Rotation of crops can help nitrogenate the soil. Certain bean crops fix nitrogen. One of them is soybeans, which is another important crop in commercial agriculture. Other nitrogen-fixing crops include lentils and alfalfa. The problem, of course, is that a field committed to growing lentils cannot grow corn. And that begins to be a problem once we commit vast portions of America's farmlands to the task of fueling our cars. A field that is now planted three years in four with corn, might be planted one year in two or one year in three. Either corn production falls by a huge margin, or many more acres are planted with corn. And there is not that much good, arable land left unused in the US. Under current practice we woud face a trade-off: if we want more sustainable corn agriculture, we might have to settle for less corn, perhaps 50% less. That does not leave a heck of a lot of corn to make into ethanol, not so long as we use corn to feed both cows and people.

There is a second area to explore, the corn that is used to make ethanol and the corn that is used to make corn starch and sweeteners generates corn gluten as a byproduct. It is a rich source of nitrogen, and it could partially make up for the loss of petroleum-generated nitrogen. Patzek does not take credit for this. Whatever portion of corn is used in such products, we might expect, would deliver back to the soil mostof the nitrogen it once took. Corn gluten is now sold as lawn fertilizer, but it may be usable in cornfields as well. And it might put a material dent in the net energy load that arises from nitrogen. The same can be argued for several of the other fertilizer elements, phosphorous and potassium. Furthermore, corn gluten retards weed germination, so it might be used as an herbicide as well.

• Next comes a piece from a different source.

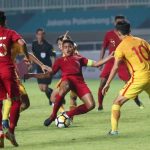 Perkembangan Sepak Bola Indonesia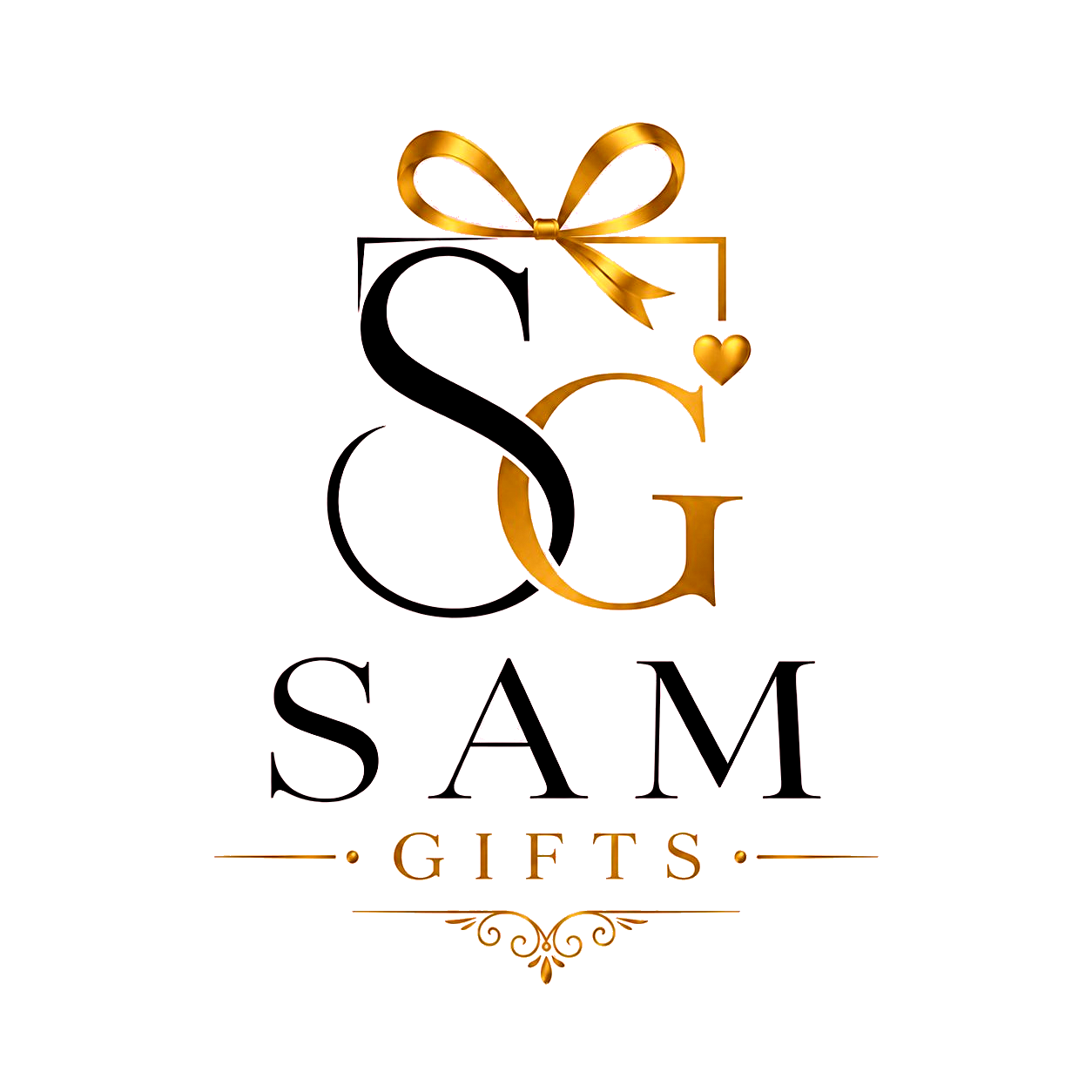 SamGifts Logo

Also significant are the fuels that are used to till and harvest the fields. In fact, if one were to believe Patzek's fuel numbers, if corn yields were less than 50% of what they are now, even free distillation would not make ethanol attractive; all the energy would be used in cultivation. We find these numbers a little difficult to believe. But we do know that energy in cultivation is significant; Jared Diamond in Collapse mentions that when farm animals were replaced with tractors, it meant an immediate 20% increase in food output. So the idea that 20% of a farm's output is consumed by cultivation certainly seems like an upper limit, but it is not out of the question. This turns out to be just one more way in which we are "eating oil."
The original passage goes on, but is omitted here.